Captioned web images
========
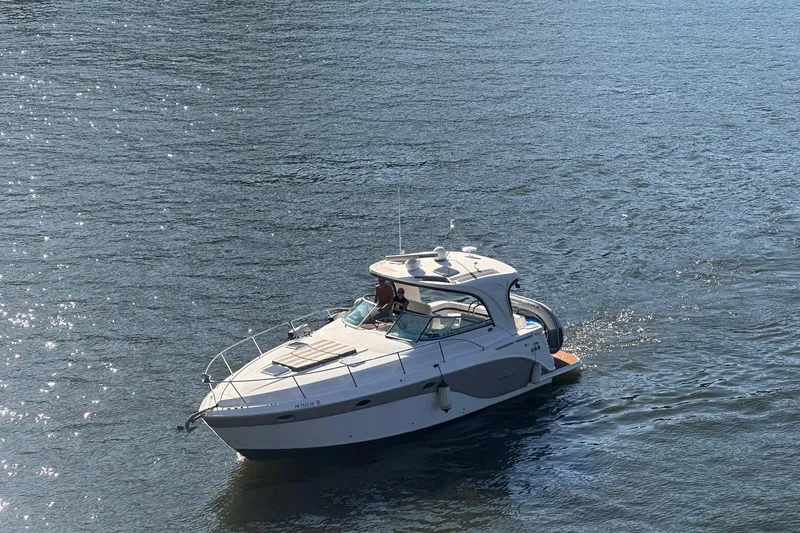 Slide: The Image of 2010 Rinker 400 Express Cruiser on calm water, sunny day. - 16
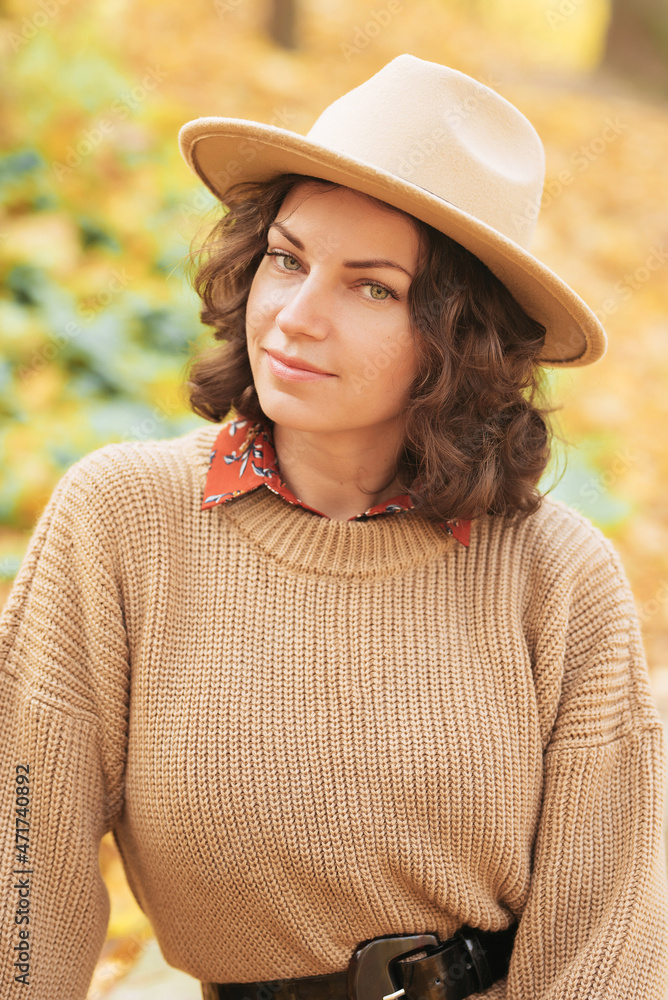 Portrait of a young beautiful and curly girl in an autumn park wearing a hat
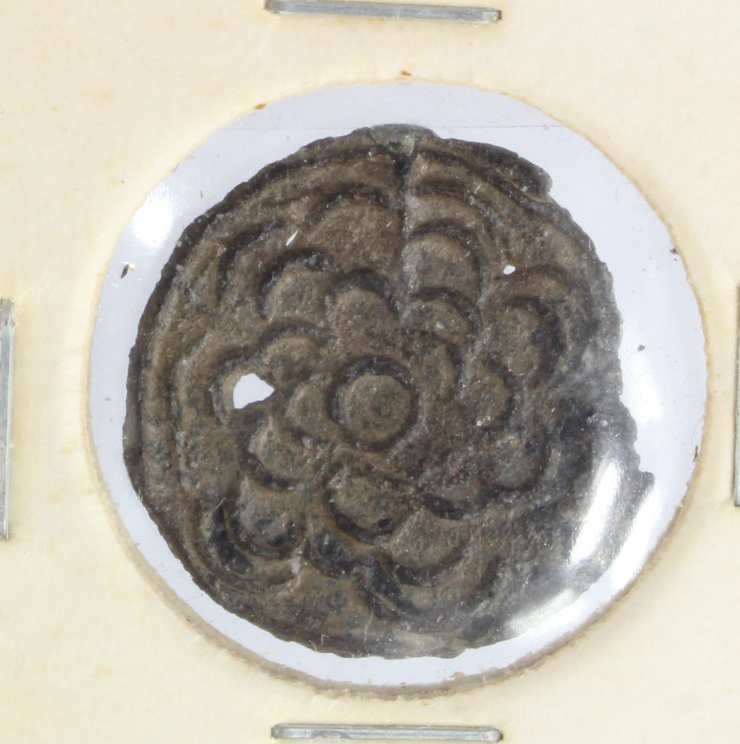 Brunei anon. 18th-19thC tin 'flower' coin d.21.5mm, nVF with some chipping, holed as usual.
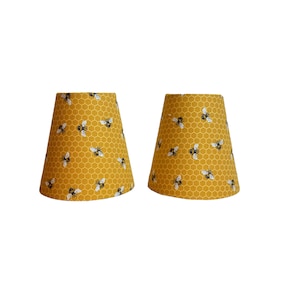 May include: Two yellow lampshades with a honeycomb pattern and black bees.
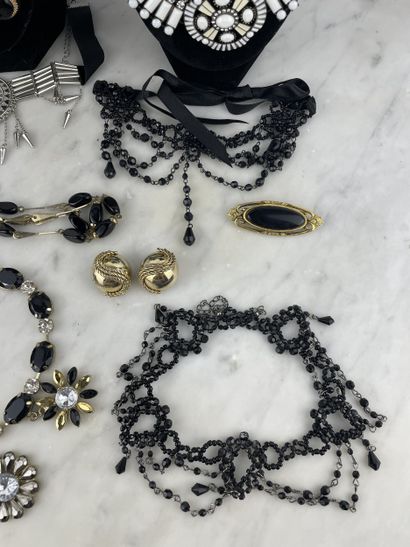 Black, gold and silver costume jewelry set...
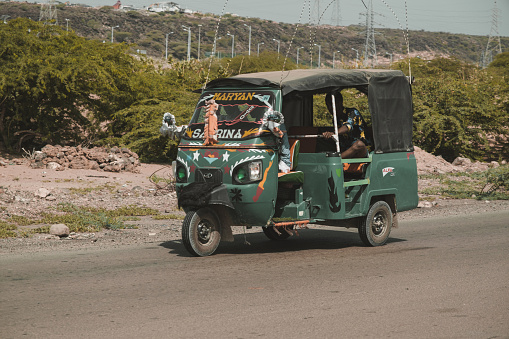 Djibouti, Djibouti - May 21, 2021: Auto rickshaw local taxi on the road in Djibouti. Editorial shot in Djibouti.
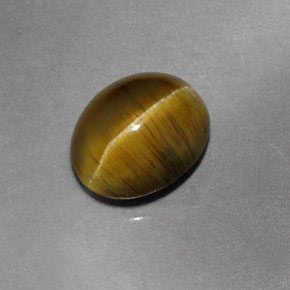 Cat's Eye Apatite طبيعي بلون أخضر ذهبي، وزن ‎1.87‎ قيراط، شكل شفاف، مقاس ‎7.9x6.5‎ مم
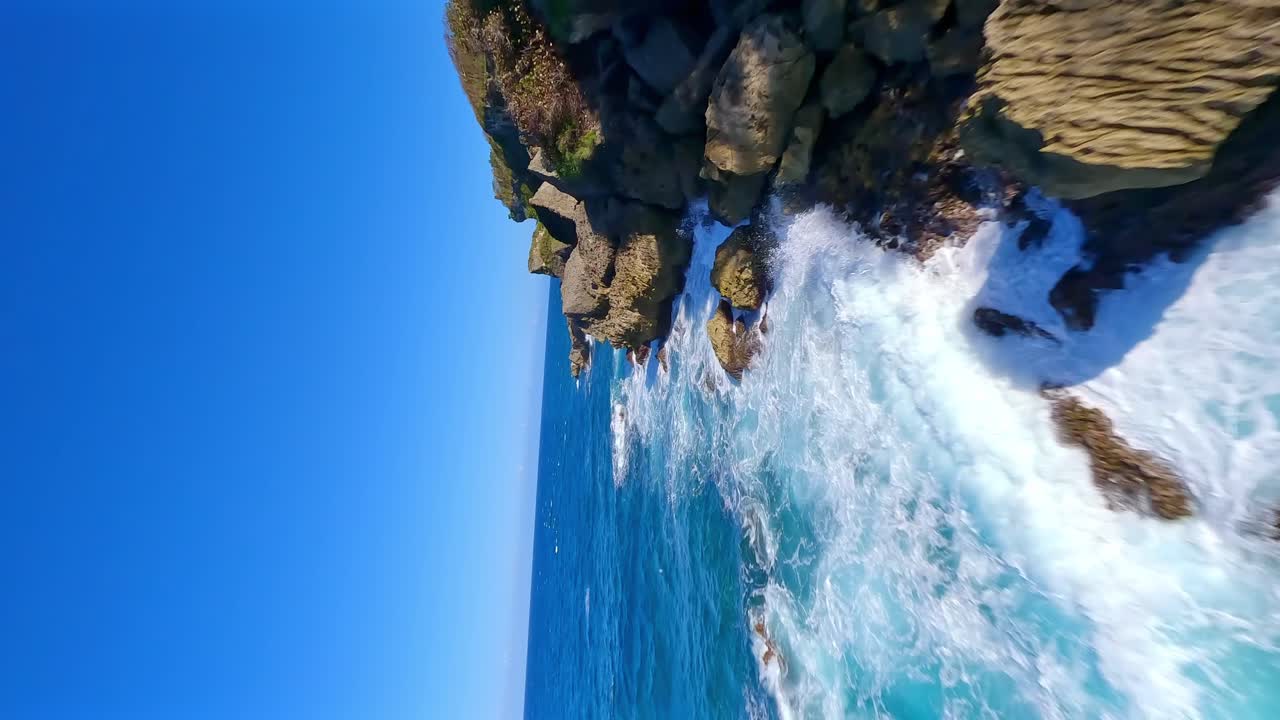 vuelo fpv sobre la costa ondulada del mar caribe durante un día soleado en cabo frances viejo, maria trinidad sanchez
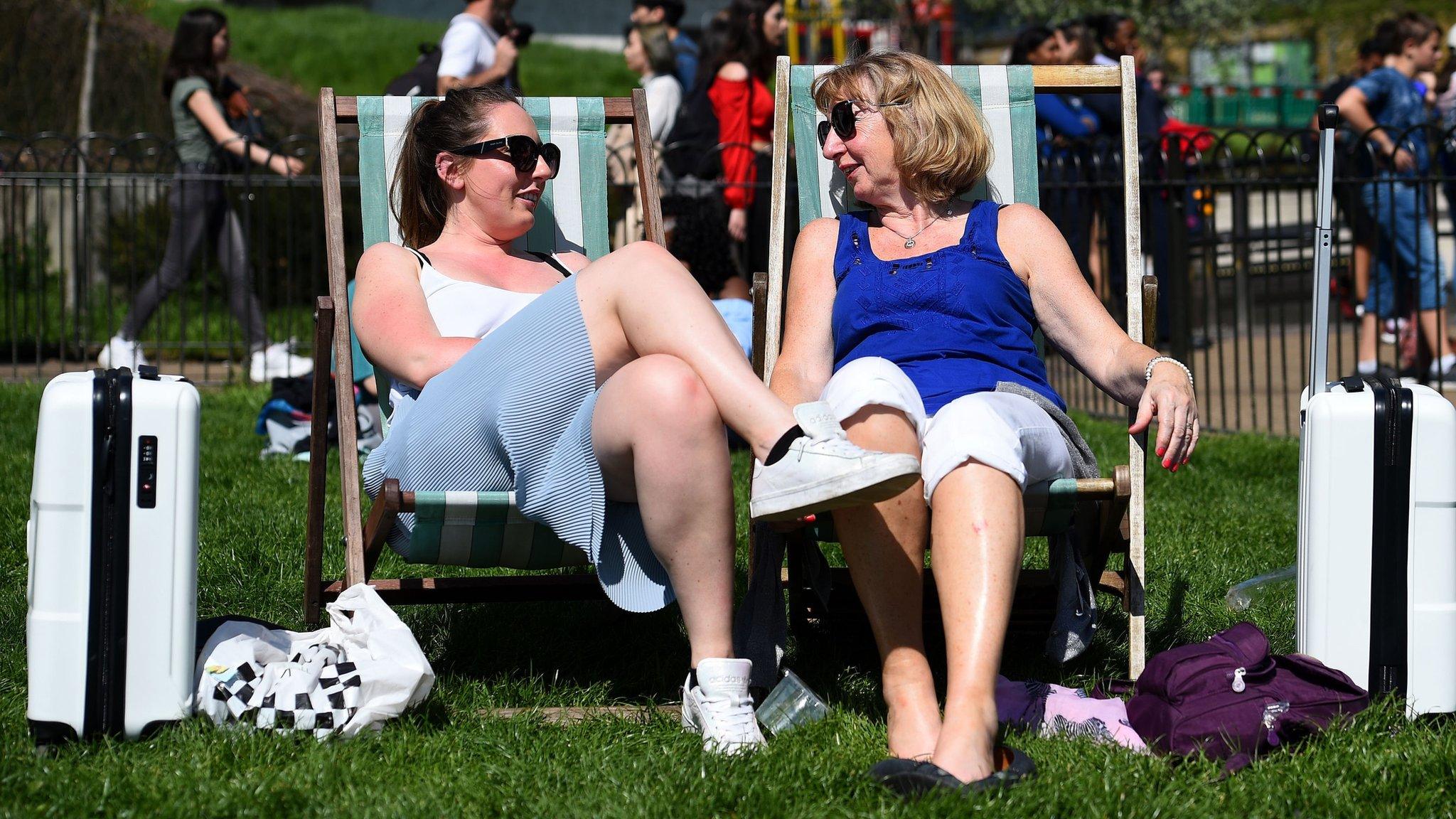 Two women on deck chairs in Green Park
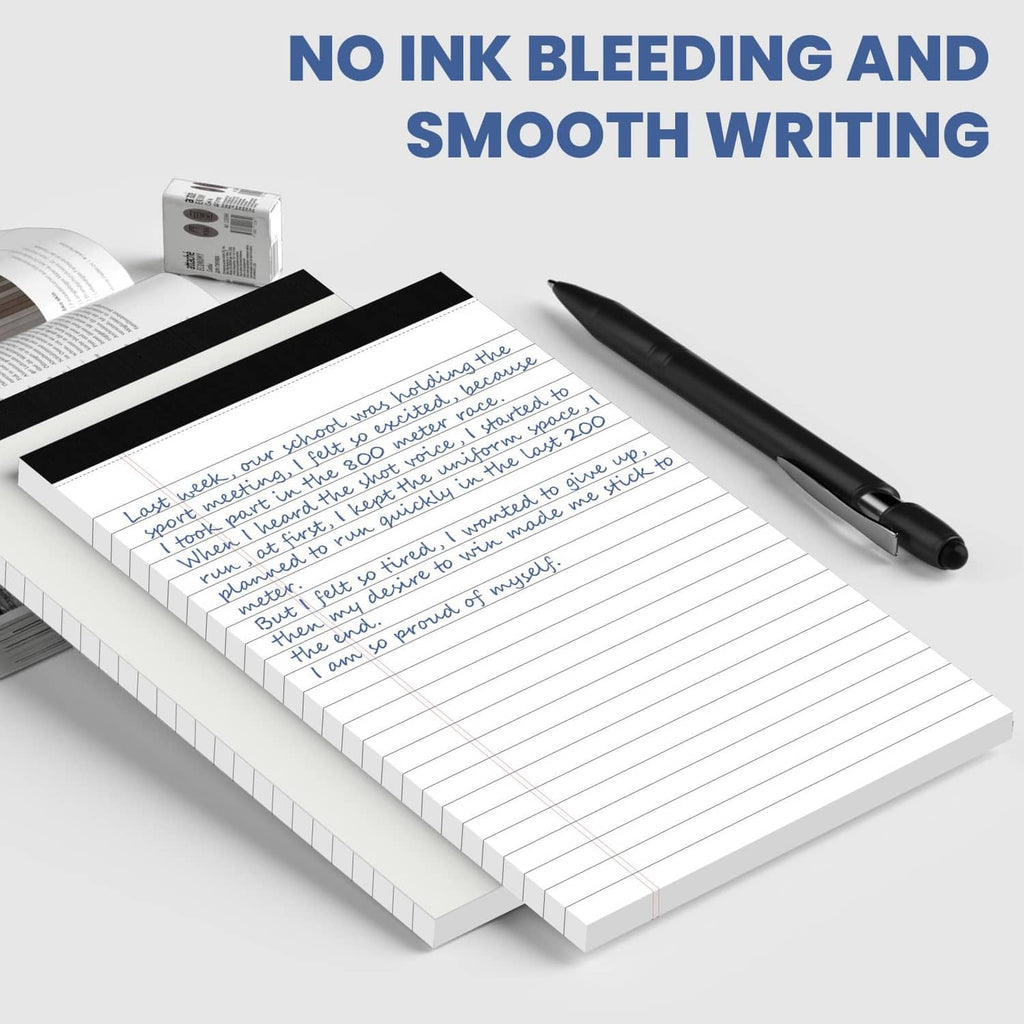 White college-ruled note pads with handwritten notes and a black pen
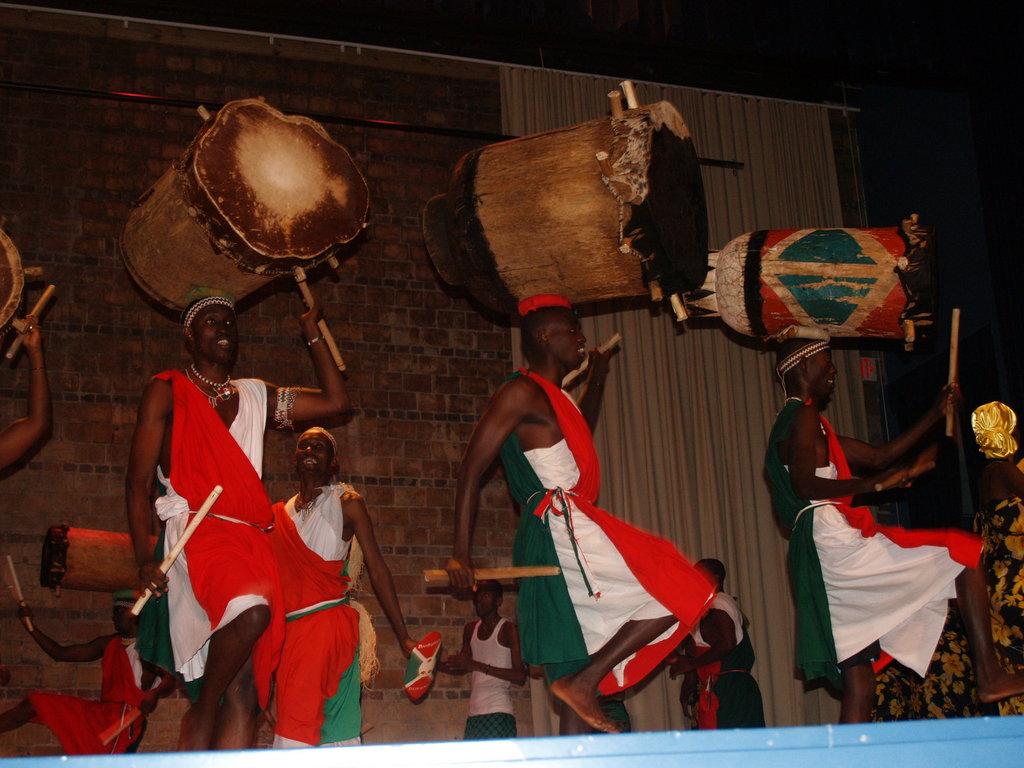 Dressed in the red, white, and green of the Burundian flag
========
• **Task brief**
Transcribe the entries above word for word, but leave every picture out of your copy.

• **Solved problem**
 Slide: The Image of 2010 Rinker 400 Express Cruiser on calm water, sunny day. - 16
 Portrait of a young beautiful and curly girl in an autumn park wearing a hat
 Brunei anon. 18th-19thC tin 'flower' coin d.21.5mm, nVF with some chipping, holed as usual.
 May include: Two yellow lampshades with a honeycomb pattern and black bees.
 Black, gold and silver costume jewelry set...
 Djibouti, Djibouti - May 21, 2021: Auto rickshaw local taxi on the road in Djibouti. Editorial shot in Djibouti.
 Cat's Eye Apatite طبيعي بلون أخضر ذهبي، وزن ‎1.87‎ قيراط، شكل شفاف، مقاس ‎7.9x6.5‎ مم
 vuelo fpv sobre la costa ondulada del mar caribe durante un día soleado en cabo frances viejo, maria trinidad sanchez
 Two women on deck chairs in Green Park
 White college-ruled note pads with handwritten notes and a black pen
 Dressed in the red, white, and green of the Burundian flag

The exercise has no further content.